И я говорю такую глупость: «Ничего, мы купим еще один билет…» Такую дикость говорю. А он ведь понимает все — по глазам, словам, голосу. Но секунду успокоения приносят мои слова — одну маленькую секунду, а их осталось считанное число.
— Вы хотите поехать в Волгоград? — вдруг неожиданно и четко спрашивает он.
— С вами, конечно, — громко отвечаю я, сжавшись в комок от напряжения.
Так в последние часы своего последнего дня он сказал — Волгоград. Именно Волгоград!

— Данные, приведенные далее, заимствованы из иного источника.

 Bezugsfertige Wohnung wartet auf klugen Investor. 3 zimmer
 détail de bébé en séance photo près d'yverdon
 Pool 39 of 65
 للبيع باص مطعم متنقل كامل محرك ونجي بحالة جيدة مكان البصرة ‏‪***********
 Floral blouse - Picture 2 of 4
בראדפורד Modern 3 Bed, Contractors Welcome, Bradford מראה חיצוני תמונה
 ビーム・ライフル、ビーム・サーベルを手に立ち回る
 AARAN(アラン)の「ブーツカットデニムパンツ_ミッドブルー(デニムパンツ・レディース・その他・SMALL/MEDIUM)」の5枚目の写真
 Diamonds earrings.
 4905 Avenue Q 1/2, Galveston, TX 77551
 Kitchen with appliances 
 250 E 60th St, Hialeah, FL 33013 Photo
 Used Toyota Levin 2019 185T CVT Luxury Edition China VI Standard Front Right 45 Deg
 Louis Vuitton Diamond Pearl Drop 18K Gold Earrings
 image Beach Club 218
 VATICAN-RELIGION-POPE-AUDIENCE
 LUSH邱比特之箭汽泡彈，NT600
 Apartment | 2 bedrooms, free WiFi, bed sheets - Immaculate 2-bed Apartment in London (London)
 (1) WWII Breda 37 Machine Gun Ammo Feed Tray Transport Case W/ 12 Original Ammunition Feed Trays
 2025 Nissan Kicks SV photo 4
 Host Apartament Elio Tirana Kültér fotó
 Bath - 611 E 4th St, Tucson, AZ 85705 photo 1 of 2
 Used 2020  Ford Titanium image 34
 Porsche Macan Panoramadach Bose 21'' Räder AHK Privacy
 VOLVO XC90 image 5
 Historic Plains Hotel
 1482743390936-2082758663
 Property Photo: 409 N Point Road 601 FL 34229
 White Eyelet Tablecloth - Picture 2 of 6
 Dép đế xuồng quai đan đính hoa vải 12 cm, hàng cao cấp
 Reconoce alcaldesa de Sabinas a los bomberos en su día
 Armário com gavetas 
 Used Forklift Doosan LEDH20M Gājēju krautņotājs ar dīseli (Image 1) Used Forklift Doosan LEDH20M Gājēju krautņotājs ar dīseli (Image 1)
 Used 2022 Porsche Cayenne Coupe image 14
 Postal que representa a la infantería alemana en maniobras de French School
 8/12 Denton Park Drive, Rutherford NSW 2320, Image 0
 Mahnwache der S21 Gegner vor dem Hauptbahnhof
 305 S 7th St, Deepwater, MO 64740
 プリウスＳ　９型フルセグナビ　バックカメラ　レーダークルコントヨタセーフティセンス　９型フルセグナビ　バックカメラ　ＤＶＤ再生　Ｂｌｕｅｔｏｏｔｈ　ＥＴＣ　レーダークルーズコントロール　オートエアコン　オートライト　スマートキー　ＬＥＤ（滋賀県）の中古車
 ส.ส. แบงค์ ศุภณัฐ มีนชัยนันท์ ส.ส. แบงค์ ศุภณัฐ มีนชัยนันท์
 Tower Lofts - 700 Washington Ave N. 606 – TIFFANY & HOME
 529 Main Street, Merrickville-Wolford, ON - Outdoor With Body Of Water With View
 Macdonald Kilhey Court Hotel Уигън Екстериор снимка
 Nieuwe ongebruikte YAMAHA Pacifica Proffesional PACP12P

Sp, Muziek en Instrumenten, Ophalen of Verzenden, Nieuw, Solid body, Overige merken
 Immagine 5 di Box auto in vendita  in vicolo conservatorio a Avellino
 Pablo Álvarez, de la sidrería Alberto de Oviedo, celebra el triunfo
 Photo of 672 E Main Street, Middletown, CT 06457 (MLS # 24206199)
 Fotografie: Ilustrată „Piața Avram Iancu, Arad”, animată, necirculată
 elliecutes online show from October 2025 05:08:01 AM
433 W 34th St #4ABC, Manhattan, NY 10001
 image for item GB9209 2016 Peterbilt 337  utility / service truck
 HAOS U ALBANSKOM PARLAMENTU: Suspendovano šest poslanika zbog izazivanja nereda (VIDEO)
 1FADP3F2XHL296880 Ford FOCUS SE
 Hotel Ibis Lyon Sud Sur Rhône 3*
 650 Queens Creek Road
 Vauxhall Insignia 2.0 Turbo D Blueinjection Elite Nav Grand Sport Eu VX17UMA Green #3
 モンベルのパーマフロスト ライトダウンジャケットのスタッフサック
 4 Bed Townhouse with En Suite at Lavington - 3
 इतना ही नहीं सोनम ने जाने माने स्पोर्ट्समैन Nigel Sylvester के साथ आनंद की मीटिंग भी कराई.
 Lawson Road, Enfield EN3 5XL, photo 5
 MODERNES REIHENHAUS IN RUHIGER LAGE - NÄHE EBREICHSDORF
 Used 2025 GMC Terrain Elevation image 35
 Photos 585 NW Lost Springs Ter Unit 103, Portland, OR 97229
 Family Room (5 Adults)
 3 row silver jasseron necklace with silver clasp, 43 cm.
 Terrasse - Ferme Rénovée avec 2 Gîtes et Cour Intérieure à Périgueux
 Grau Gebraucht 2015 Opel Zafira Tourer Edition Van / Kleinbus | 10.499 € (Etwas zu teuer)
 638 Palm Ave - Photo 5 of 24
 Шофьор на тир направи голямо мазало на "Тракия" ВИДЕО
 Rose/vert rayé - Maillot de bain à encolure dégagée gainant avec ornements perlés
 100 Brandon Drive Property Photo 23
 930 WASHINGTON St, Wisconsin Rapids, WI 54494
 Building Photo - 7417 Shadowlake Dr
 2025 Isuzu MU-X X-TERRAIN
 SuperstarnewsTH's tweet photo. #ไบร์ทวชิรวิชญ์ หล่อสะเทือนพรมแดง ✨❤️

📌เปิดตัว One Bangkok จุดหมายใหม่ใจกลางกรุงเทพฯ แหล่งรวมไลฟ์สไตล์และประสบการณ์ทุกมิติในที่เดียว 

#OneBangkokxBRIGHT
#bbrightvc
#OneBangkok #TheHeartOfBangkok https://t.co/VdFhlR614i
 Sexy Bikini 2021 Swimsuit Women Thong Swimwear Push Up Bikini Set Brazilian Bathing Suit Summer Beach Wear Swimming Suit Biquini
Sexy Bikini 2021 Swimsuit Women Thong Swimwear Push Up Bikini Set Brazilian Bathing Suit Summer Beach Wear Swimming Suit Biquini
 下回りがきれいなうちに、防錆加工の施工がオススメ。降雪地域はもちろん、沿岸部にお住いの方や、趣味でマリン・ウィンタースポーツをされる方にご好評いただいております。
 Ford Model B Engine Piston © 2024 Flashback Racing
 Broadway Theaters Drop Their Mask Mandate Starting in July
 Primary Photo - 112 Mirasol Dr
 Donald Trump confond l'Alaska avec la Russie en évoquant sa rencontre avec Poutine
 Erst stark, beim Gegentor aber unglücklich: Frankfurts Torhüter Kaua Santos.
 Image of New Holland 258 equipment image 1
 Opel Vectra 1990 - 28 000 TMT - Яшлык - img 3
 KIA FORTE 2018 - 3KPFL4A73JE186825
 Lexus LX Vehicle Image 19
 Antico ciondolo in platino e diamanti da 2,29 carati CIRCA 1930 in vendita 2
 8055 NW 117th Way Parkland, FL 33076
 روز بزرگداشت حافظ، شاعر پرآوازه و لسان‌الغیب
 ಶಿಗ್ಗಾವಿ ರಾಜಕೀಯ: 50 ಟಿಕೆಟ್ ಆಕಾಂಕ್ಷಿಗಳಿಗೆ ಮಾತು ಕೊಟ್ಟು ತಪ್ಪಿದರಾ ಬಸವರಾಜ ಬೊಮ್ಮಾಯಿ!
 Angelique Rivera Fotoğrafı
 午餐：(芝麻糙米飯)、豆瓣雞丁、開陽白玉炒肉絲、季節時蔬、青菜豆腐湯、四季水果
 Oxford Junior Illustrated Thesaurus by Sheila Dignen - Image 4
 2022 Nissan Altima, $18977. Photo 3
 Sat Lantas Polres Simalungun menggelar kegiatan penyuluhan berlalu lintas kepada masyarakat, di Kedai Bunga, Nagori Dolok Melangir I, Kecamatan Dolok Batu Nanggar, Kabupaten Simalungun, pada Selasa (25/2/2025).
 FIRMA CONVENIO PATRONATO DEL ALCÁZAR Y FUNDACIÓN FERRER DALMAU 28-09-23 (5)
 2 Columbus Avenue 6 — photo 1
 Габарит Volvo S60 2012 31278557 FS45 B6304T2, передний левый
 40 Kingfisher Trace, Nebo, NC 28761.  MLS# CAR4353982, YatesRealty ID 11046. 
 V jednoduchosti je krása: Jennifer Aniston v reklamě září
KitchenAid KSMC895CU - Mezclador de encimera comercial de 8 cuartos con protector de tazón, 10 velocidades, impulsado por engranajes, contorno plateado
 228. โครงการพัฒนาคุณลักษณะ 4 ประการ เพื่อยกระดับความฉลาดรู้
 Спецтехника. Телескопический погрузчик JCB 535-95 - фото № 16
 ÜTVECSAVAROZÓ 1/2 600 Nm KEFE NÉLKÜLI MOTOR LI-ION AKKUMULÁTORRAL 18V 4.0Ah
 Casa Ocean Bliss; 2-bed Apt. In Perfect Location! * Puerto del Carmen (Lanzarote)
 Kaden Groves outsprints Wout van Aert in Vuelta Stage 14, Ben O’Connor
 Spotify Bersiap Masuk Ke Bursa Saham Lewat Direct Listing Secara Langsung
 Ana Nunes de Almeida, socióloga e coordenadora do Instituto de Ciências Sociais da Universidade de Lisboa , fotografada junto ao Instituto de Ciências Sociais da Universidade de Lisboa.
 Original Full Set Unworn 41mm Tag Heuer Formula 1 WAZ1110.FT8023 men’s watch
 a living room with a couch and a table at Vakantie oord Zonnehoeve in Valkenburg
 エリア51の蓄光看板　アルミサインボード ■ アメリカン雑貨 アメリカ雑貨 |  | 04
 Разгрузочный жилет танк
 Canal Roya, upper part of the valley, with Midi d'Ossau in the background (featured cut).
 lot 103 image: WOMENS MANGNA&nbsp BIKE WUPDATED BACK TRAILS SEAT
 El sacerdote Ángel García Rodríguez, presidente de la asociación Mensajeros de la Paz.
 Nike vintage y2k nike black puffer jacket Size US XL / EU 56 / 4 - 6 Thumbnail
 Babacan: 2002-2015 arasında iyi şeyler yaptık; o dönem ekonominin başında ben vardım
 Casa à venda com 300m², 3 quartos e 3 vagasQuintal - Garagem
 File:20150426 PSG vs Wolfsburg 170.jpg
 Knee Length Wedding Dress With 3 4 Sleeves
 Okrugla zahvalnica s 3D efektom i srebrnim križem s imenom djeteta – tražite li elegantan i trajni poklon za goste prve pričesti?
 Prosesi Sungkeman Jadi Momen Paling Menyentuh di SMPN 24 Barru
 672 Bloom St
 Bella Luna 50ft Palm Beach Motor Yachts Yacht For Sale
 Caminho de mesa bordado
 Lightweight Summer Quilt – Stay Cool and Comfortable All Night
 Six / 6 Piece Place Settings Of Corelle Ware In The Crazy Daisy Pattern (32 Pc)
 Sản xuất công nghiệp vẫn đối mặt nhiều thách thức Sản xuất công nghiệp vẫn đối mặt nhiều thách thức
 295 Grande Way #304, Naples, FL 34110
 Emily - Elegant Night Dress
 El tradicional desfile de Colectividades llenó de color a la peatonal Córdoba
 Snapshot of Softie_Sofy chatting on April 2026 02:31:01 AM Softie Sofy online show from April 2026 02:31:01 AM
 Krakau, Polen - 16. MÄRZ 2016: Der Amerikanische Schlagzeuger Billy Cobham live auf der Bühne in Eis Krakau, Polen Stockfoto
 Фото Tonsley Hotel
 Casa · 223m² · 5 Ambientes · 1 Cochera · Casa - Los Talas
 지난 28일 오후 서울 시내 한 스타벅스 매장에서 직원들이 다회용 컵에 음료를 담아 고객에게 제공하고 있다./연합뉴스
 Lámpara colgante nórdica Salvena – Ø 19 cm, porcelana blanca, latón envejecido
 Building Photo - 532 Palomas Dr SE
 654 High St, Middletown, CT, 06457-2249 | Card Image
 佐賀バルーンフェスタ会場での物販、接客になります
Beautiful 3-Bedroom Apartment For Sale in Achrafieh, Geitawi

И я вспомнила, как приехала к нему с версткой рассказа «Дорога» в квартиру на Беговой. И он так искренне обрадовался верстке: казалось, был просто счастлив. И сказал приблизительно так: для него верстка, как для Робинзона асфальт. Или, может быть, чуть по-другому: что смотрит на нее, верстку, как Робинзон — на асфальт.
А потом сказал, улыбаясь:
— Как вам нравится, что у Сталина осталось только два защитника?
— Кто же это? — спросила я.
— Я, — ответил он, — и Виктор Некрасов.
Оказывается, они — единственные из писателей, кто не дал при переиздании книг переименовать Сталинград — в Волгоград.
А сейчас он сказал — Волгоград, будто прощался с городом в чистом его виде, без сталинского насильственного порабощения города себе. И повторил снова, что надо ехать в Волгоград.
— Пойдите, устройте все, — задыхаясь от кашля, с алыми от кровохарканья губами, отрывисто произносит он. — Вы можете пойти за такси?
— Конечно…
— Я хочу, пойдите за такси, я вас прошу.
Я даже выхожу в коридор. Он успокаивается немного.
Потом:
— Вот и хорошо, — говорит он. — Мы обязательно отсюда уедем. — Даже как будто обнадеживая меня.
Потом он просил не забыть «квитанции». Чтобы я пошла и нашла «квитанцию», очень важная для него квитанция, она особенно мучает его. Тогда я не могла понять, а позже стала думать и поняла, что это — «ордер на арест», протокол об изъятии романа…
Но сознание его замутнялось, как я уже писала, только после очень сильного наркотического укола. А вообще — ясная голова, ясный, как всегда, ум, огромная душа, его неповторимая (до последних минут) речь.
За два дня до смерти, в пятницу, когда я дома на листочке написала про него: «Плохо, очень плохо, ужасно», он встретил меня словами:
— Расскажите, что же случилось нового?
Этим вопросом — по-разному, в разной форме и разными словами — он встречал меня всегда.
В этот день в пятницу я стала предлагать: может быть, чаю… Он просит минеральной воды, а потом в ответ на мои напоминания — чаю с яблоком.
— Чего бы вам еще хотелось? — спрашиваю я.
И он серьезно, после большой паузы:
— Множество вещей, — это, повторяю, за два дня до смерти.
В другой раз на этот же вопрос:
— Окончательной ясности.
Накануне смерти:
— Так вам удобнее?
С хрипом и болью:
— Более или менее.
— А так хорошо?
— Хорошо, — отвечает он, растягивая это слово.
После паузы:
— Не дай бог…
Свою старую приятельницу (в часы ее дежурства) в момент оптимистических речей по поводу его здоровья он прервал вопросом:
— Сколько мне лет?
— Двенадцатого декабря будет пятьдесят девять? — ответила она.
— Не будет, — сказал он.
И в этот же день, через два часа:
— Какая красивая, — сказал он про женщину, которая села в коридоре напротив его открытой двери.
Сейчас, на мгновение представив эту больницу (будто я вчера сошла с ее крыльца), я поняла, что двери всех палат всегда были закрыты, и там, где лежал Светлов, — тоже. Только палата Василия Семеновича не закрывалась никогда. Сидели на стульях напротив него, проходили мимо, стояли и говорили «нянечки» громко, иногда с хохотом. Он никогда не просил закрыть дверь, только тогда, когда не хотел, чтобы слышали то, о чем говорили мы. В этом был и тверд и настойчив.
А так смотрел внимательно в открытую дверь, на людей, что появлялись в нешироком, но высоком ее проеме.
А что раздражало его безмерно? Это пошлость. Пошлость и ложь.
— Море пошлости, — сказал он про статью Мара в «Литературной газете», которую ему почему-то прочитали вслух.
Пошлость для Гроссмана — как антижизнь.
— Когда человек живет и мучается, — говорил Василий Семенович, — пошлость в литературе убивает его жизнь, растаптывает ее.